Beaucoup d’émotions et d’intérêt à lire la confession de cet ouvrier breton, qui tente d’expliquer pourquoi il a poussé à la mer Antoine Lazenec (promoteur immobilier sans morale ni vergogne). Nous sommes dans une petite ville, au fond de la rade de Brest, une ville en plein déclin économique et moral, et qui a voulu croire au rêve de reconstruction et de confort dispensé par Antoine Lazenec.
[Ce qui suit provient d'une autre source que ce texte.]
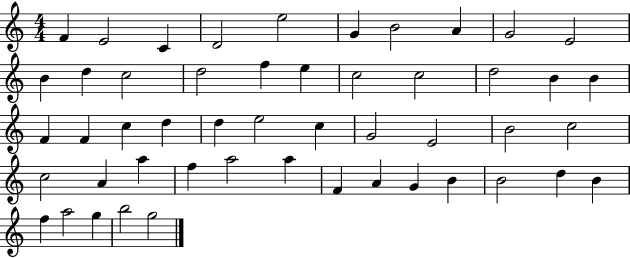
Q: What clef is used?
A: treble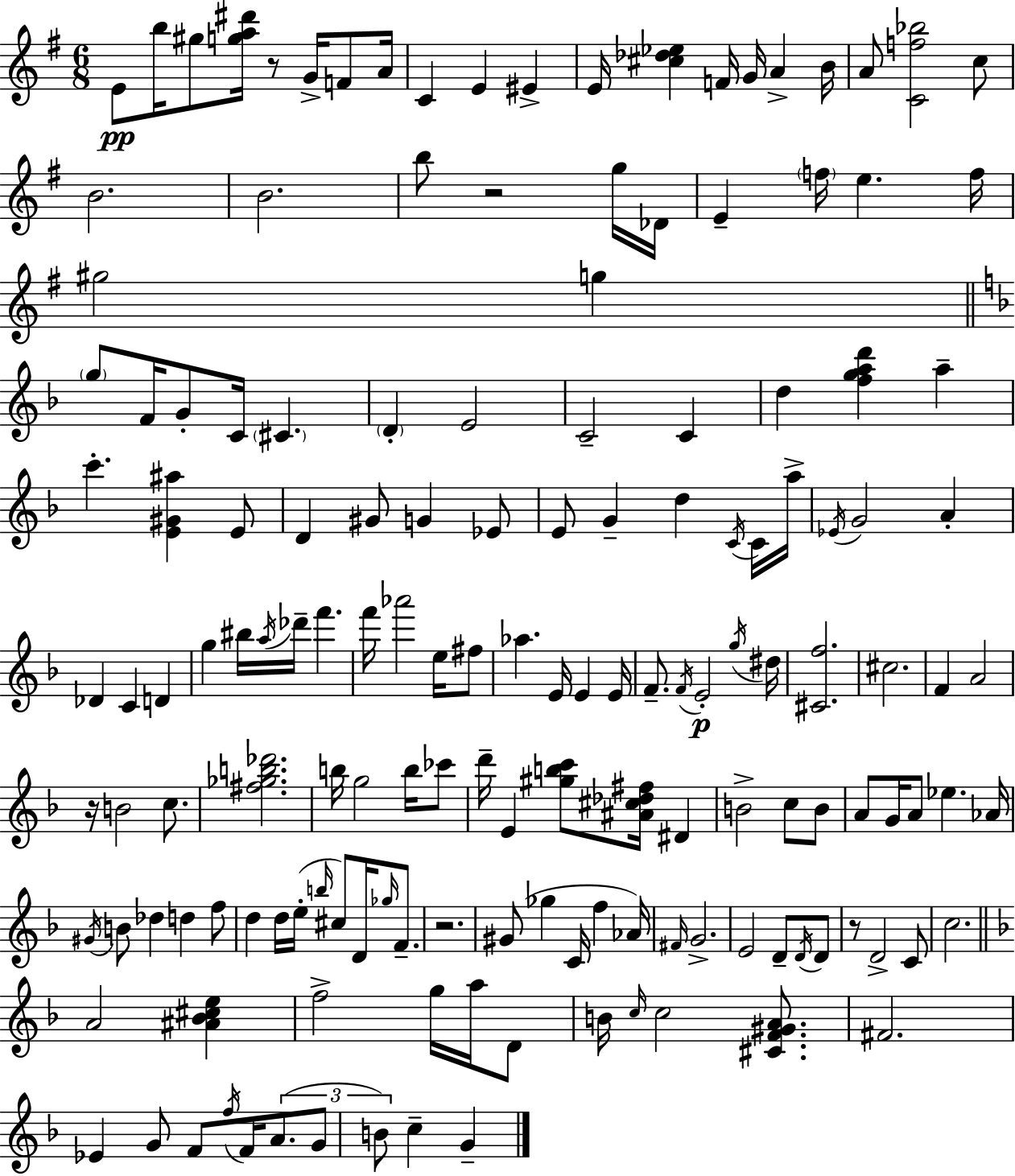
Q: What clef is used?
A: treble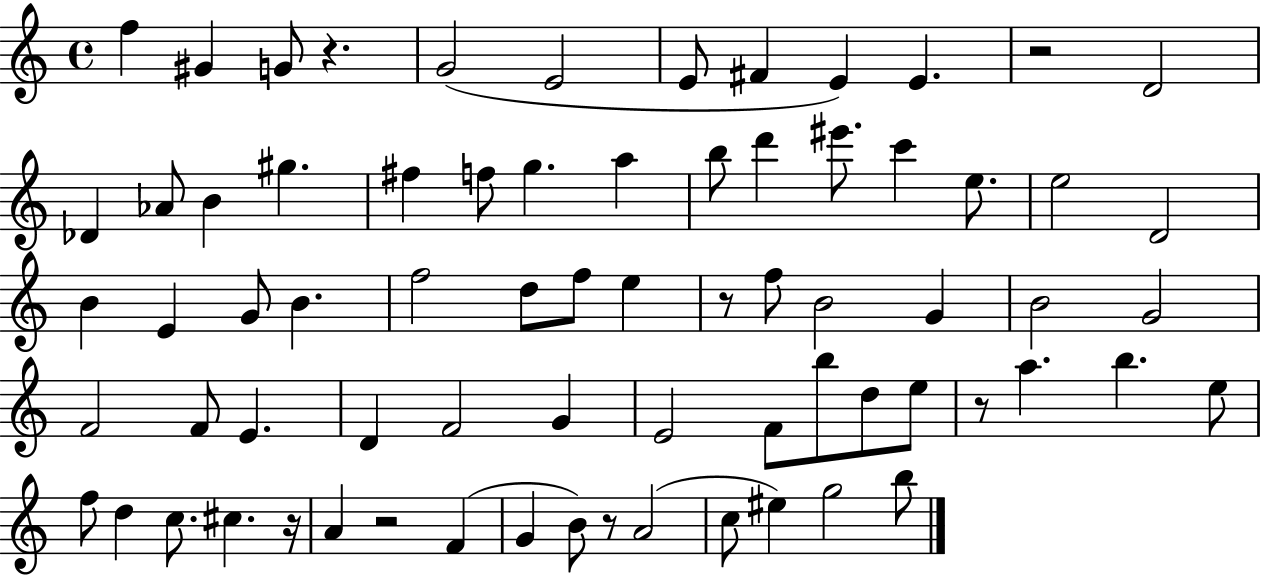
X:1
T:Untitled
M:4/4
L:1/4
K:C
f ^G G/2 z G2 E2 E/2 ^F E E z2 D2 _D _A/2 B ^g ^f f/2 g a b/2 d' ^e'/2 c' e/2 e2 D2 B E G/2 B f2 d/2 f/2 e z/2 f/2 B2 G B2 G2 F2 F/2 E D F2 G E2 F/2 b/2 d/2 e/2 z/2 a b e/2 f/2 d c/2 ^c z/4 A z2 F G B/2 z/2 A2 c/2 ^e g2 b/2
Mais voilà, ce n’était que fumée, et arrive le jour où trop c’est trop.

Le narrateur est devant le juge, il ne cherche pas à se disculper, juste à retrouver comment les choses se sont enchainées, et comment il en est arrivé là, lui qui avait économisé pour son fils et pour lui-même, mis de côté sa prime de licenciement pour acheter… un bateau de pêche.

La phrase s’efforce d’aller au plus juste, quitte à prendre des tournures imprévues, insistantes, et c’est petit à petit, mais avec force, que l’ensemble prend forme, que les personnages acquièrent profondeur et vérité, jusque dans leurs faiblesses, bien sûr. Jusqu’à l’entré en scène de l’article 353.